### Information provided
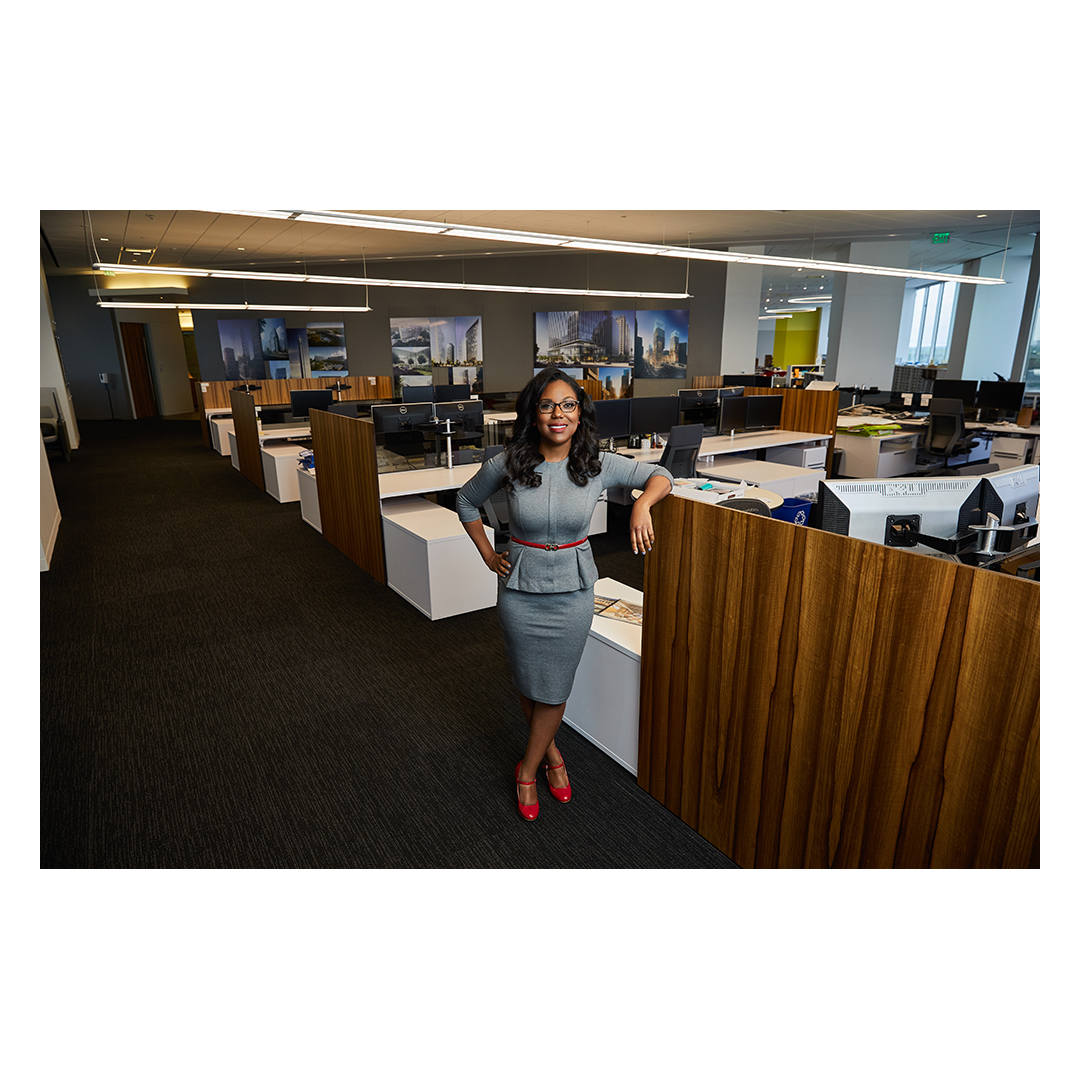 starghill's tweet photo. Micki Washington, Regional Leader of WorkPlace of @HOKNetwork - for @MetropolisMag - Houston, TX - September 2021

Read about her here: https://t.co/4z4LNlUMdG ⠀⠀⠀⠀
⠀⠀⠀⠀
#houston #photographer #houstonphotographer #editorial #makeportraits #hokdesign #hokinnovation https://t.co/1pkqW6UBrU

### Directions
Print the listing verbatim; no pictures.

### Task result
 starghill's tweet photo. Micki Washington, Regional Leader of WorkPlace of @HOKNetwork - for @MetropolisMag - Houston, TX - September 2021

Read about her here: https://t.co/4z4LNlUMdG ⠀⠀⠀⠀
⠀⠀⠀⠀
#houston #photographer #houstonphotographer #editorial #makeportraits #hokdesign #hokinnovation https://t.co/1pkqW6UBrU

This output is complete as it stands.